10 ‘Blessed are those who are persecuted for righteousness’ sake, for theirs is the kingdom of heaven.
11 ‘Blessed are you when people revile you and persecute you and utter all kinds of evil against you falsely on my account. 12Rejoice and be glad, for your reward is great in heaven, for in the same way they persecuted the prophets who were before you. (NRSV)
Really? Are the unworthy, the grief-ridden, the humble “blessed”? Perhaps this depends on what we think “blessed” means but, on the face of it, blessedness scarcely seems to fit those who’ve suffered tragedy, suppression, want – for those, we might say, who live in the midst of death.
Certainly, such a designation of blessedness makes no sense if the link between brokenness and blessing is conditional: “if you are poor, then you will inherit”. This would be to say that comfort is an automatic outcome of grief, and even to imply that grief or poverty might be a means to comfort or riches – a kind of emotional or political “technology” which delivers to us the things which we really need or want.

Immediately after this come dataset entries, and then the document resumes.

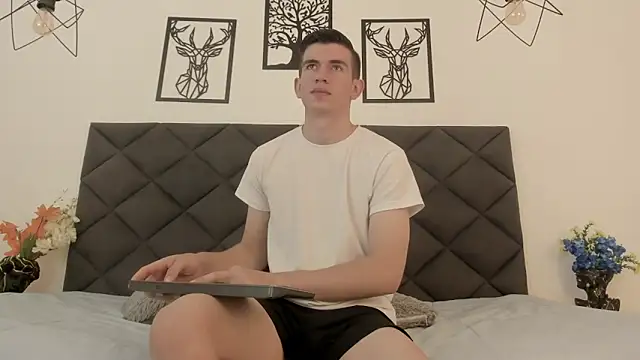 Snapshot of MikaelSlow chatting on 1, 2, 2025 MikaelSlow online show from 1, 2, 2025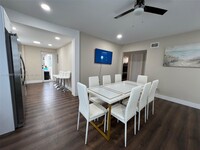 945 79th Terrace in Miami Beach, FL - Building Photo - Building Photo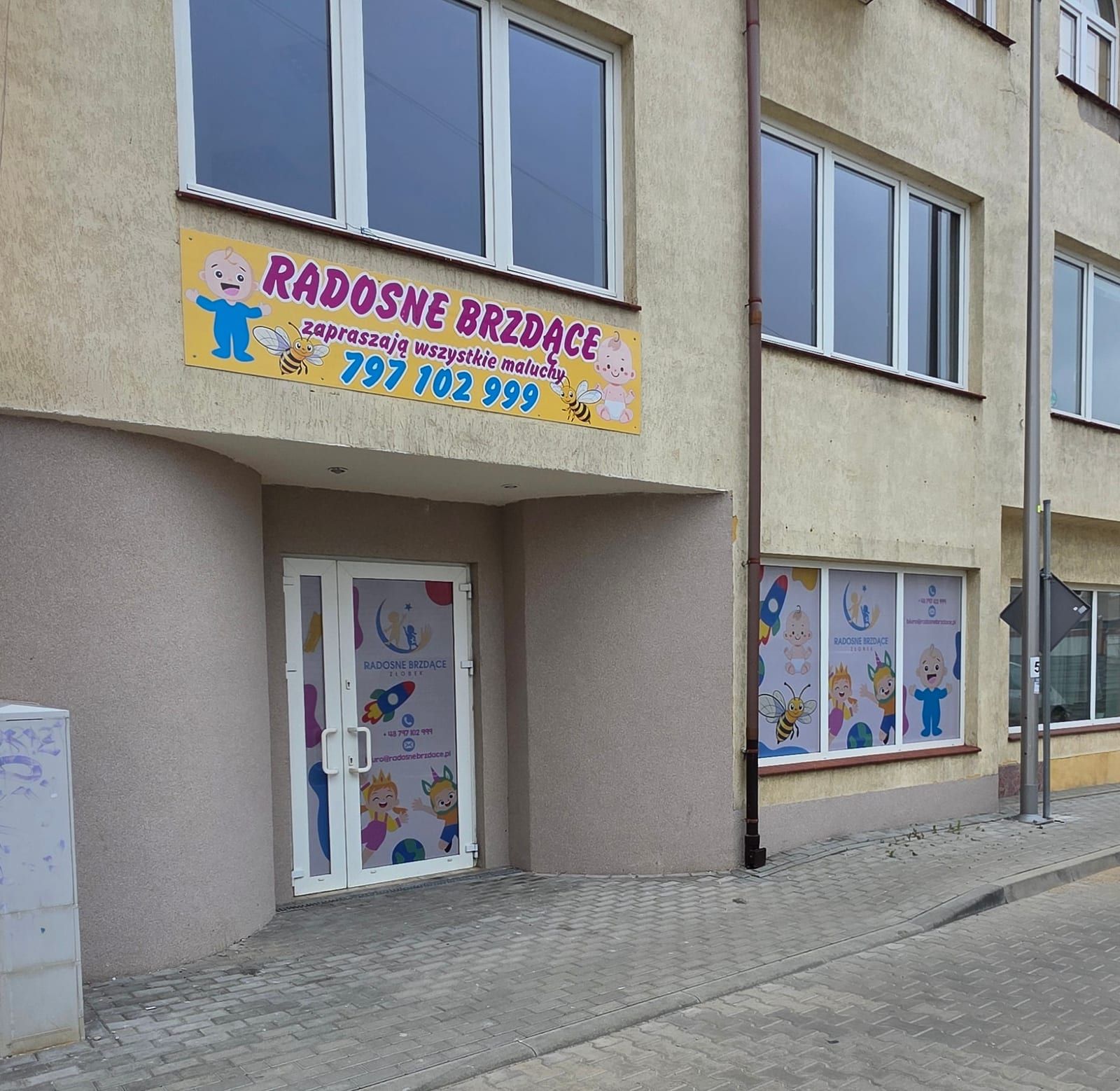 Oklejenie witryn żłobka Radosne Brzdące – zdjęcie 2 z 6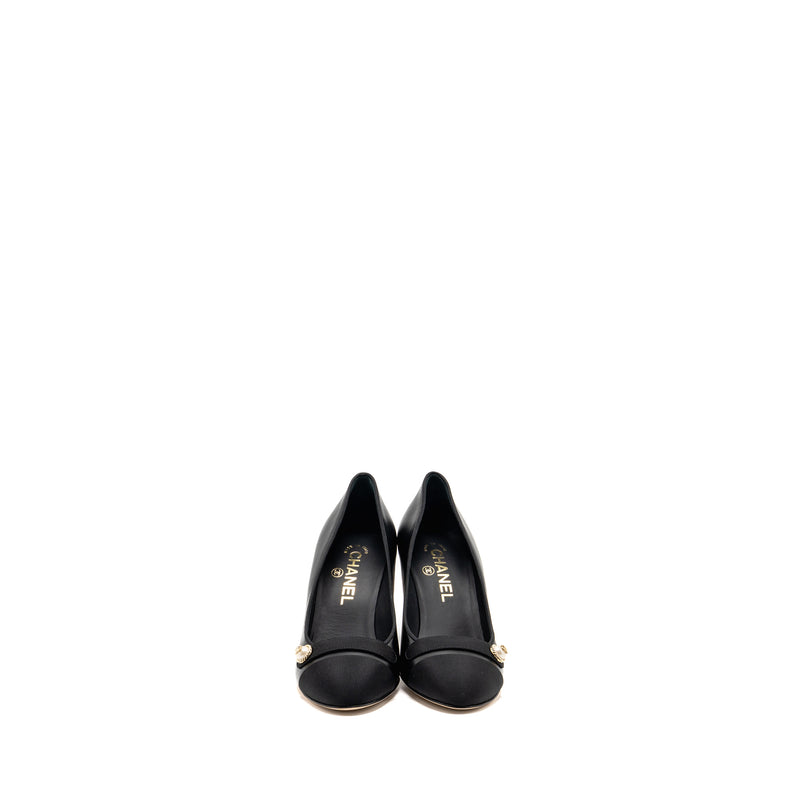 Chanel Size 36 CC Pearl Pumps Leather/Grosgrain Black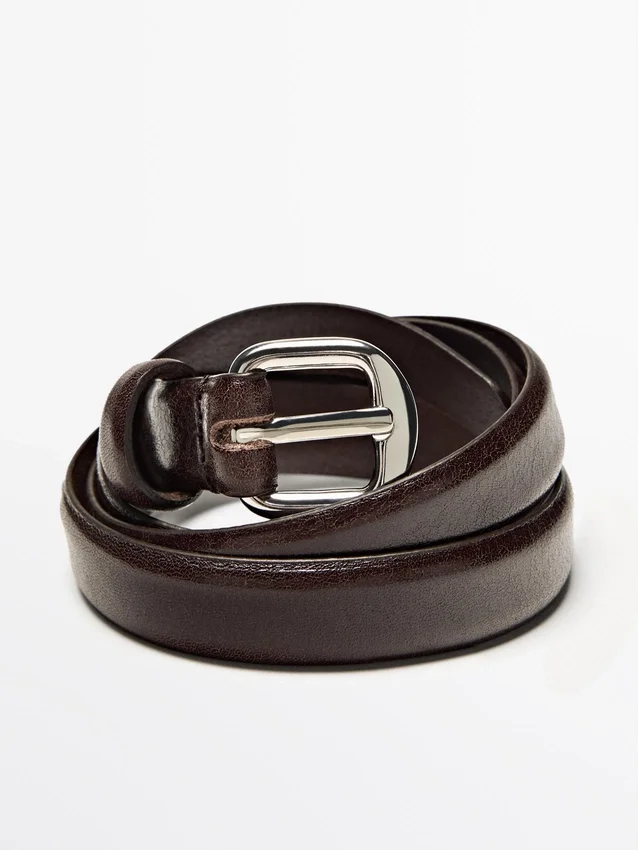 Leren riem met gebogen gesp Leren riem met gebogen gesp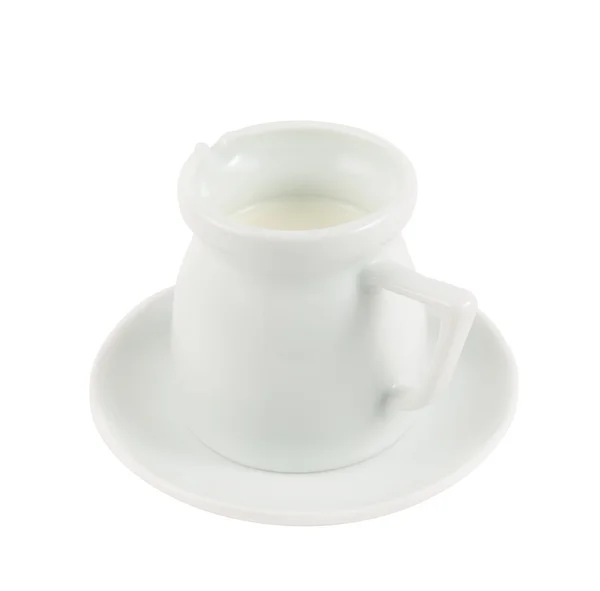 Pichet à lait en céramique blanche égout isolé — Photo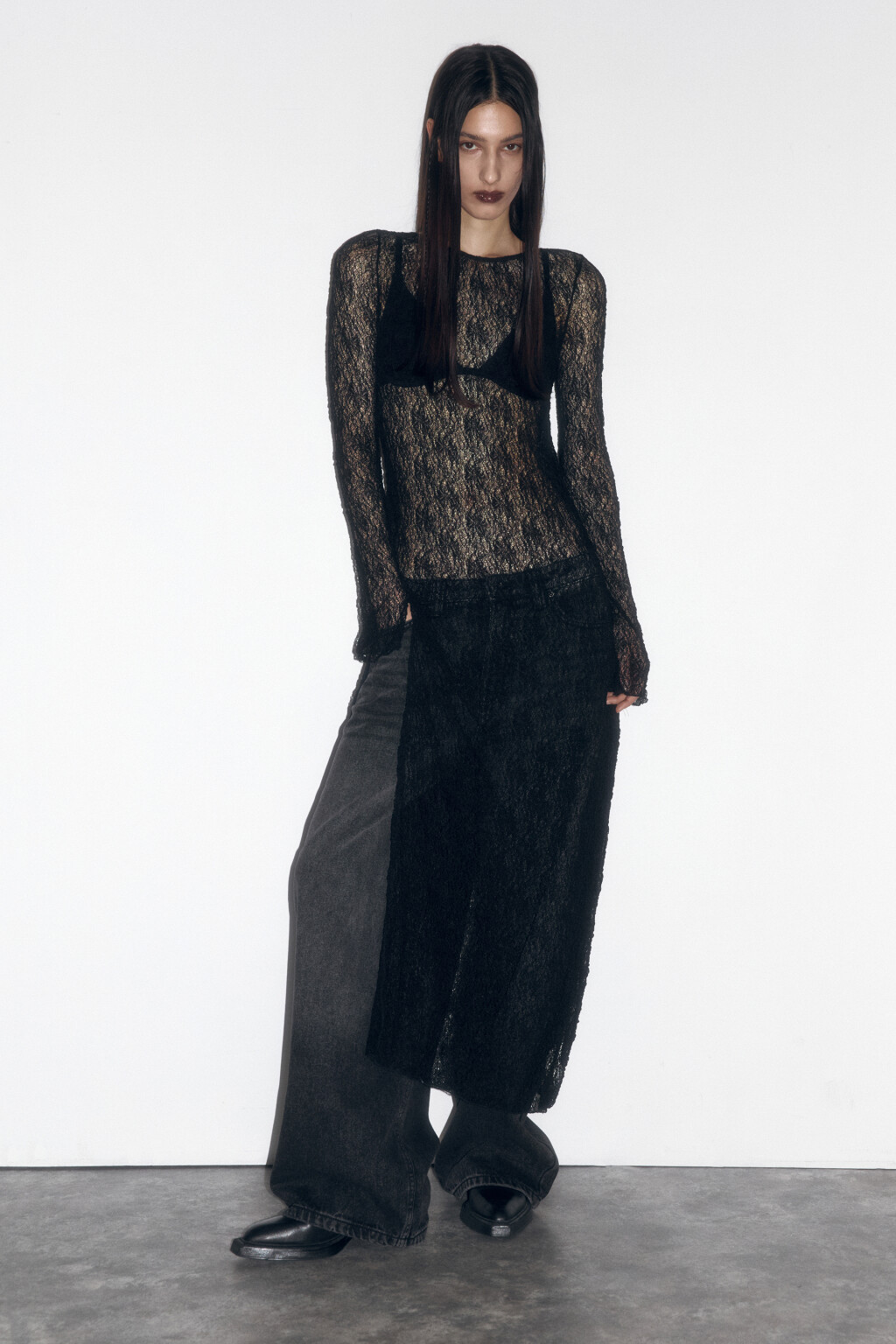 Платье макси облегающее из кружева - цвет черный - 2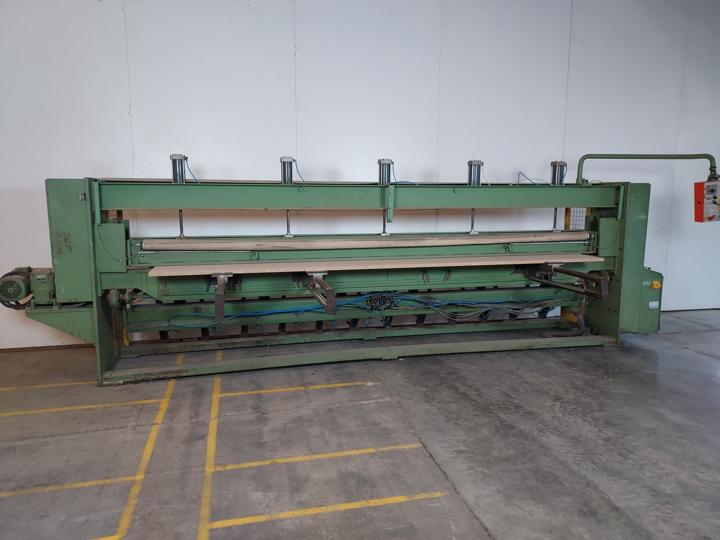BRANDT PF 10/42 Postforminganlage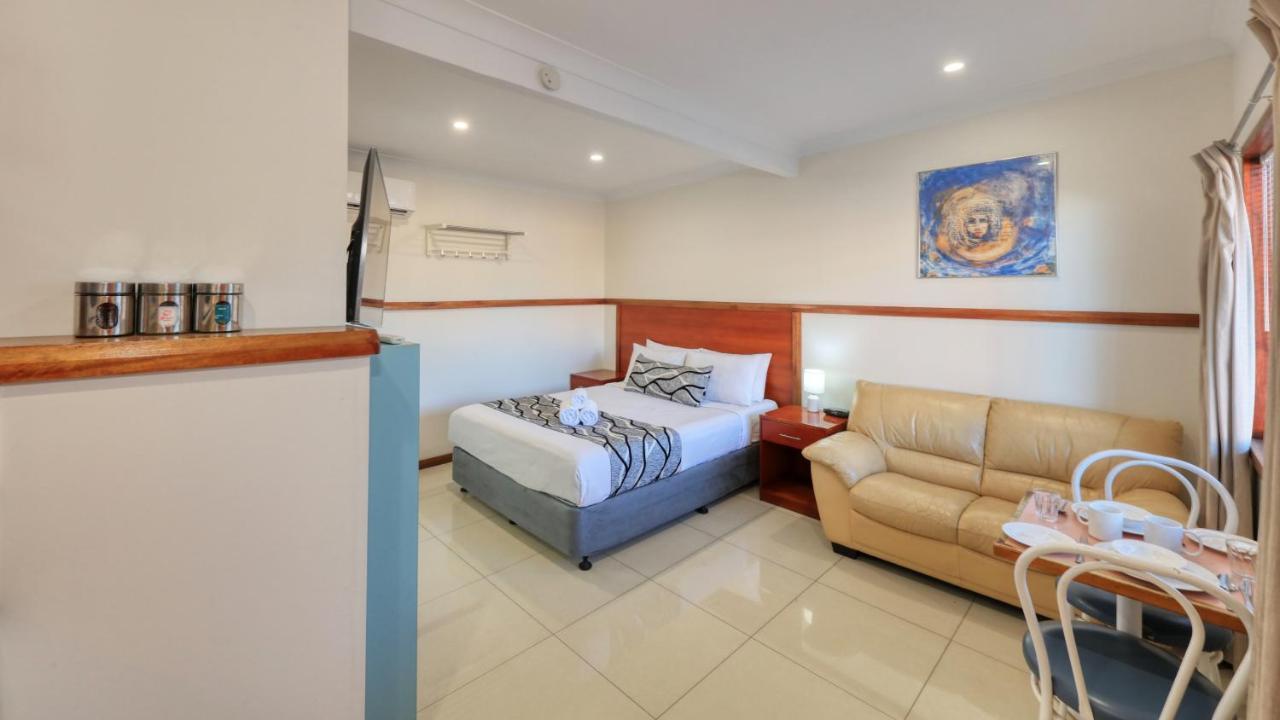 Across Country Motor Inn ดับโบ ภายนอก รูปภาพ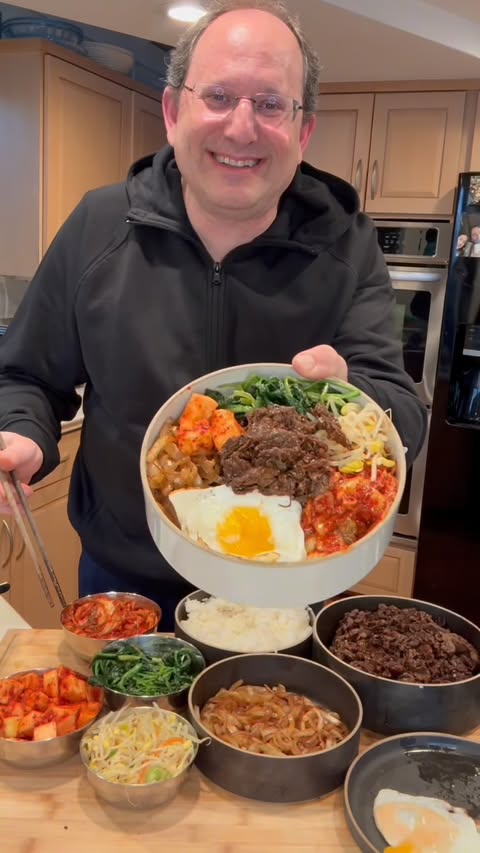 Instagram post by @seattlehanddoc for HexClad. Caption reads: [...] favorite Kitchen essentials!....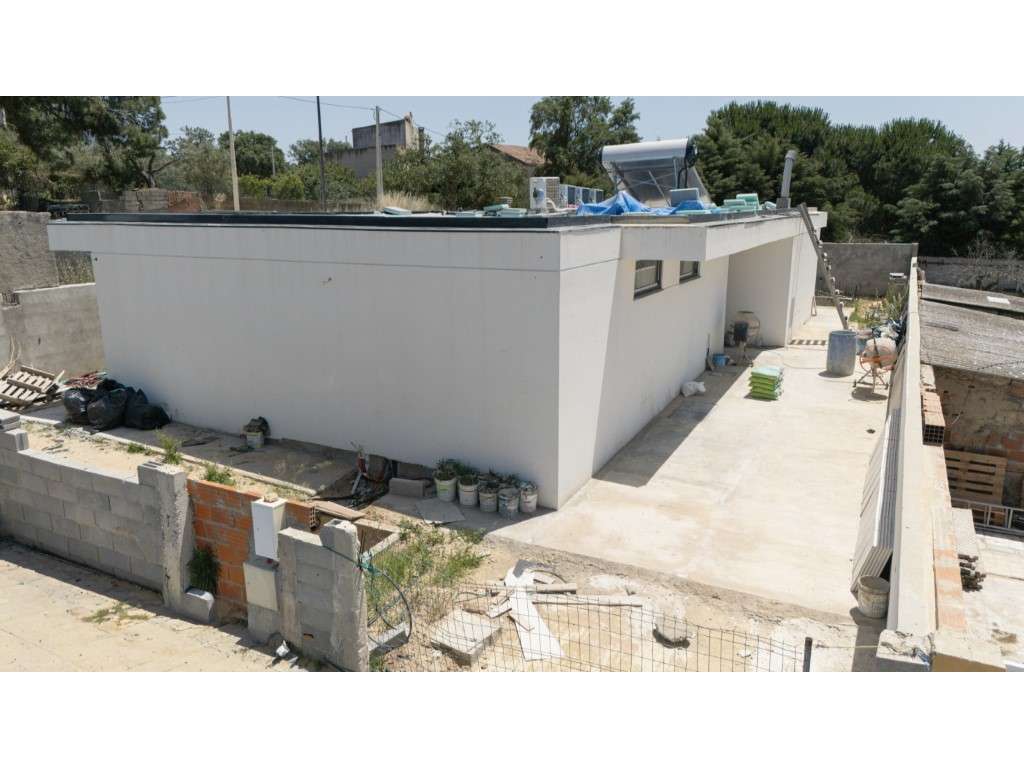 Moradia T3 de Arquitetura Contemporânea com Piscina e Suite Master ... - Grande imagem: 3/48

This is nonsense, both in our normal experience and in relation to God.
The link between the presence of death in the condition of need and its contradiction in the inheritance of all things, or comfort or a vision of the divine (etc.), is not a “natural” one. It is not the way of nature that those who mourn will be comforted, that those who work for peace will in fact see it, that the merciful will receive mercy. Jesus declares, rather, that this is the way of God.
This is to say, then, that the way of God is the overcoming of the many forms of death among us: the way of God is resurrection. The affirmations and anathemas of the Christian faith are as simple as this: we believe in a God who calls order out of chaos, creates out of nothing, brings the dead to life. It is only this which can make sense of the blessedness which Jesus announces here: the kingdom for the unworthy, the world to those powerless to claim it, righteousness for those who hunger and thirst for it.
The only question is: is this simply foolishness? Is there really any reason to step forward again after death strikes?
We do, of course, step forward most of the time, but very often simply because it is the only thing we can do if we don’t want to die ourselves – a kind of defiance of death, if ultimately futile. Yet this is not the blessedness Jesus announces here. The blessed are not the stoic nor the heroic nor the courageous. The blessed are the hopeful. They step forward not because it is the only thing to do apart from dying themselves but because they deny all forms of death their apparent dominion over us.
The blessedness of the unworthy poor in spirit is that God will lift them up. The blessedness of those who mourn is that the day will yet break in their night. The blessedness of those who hunger and thirst for justice is that God will fill them.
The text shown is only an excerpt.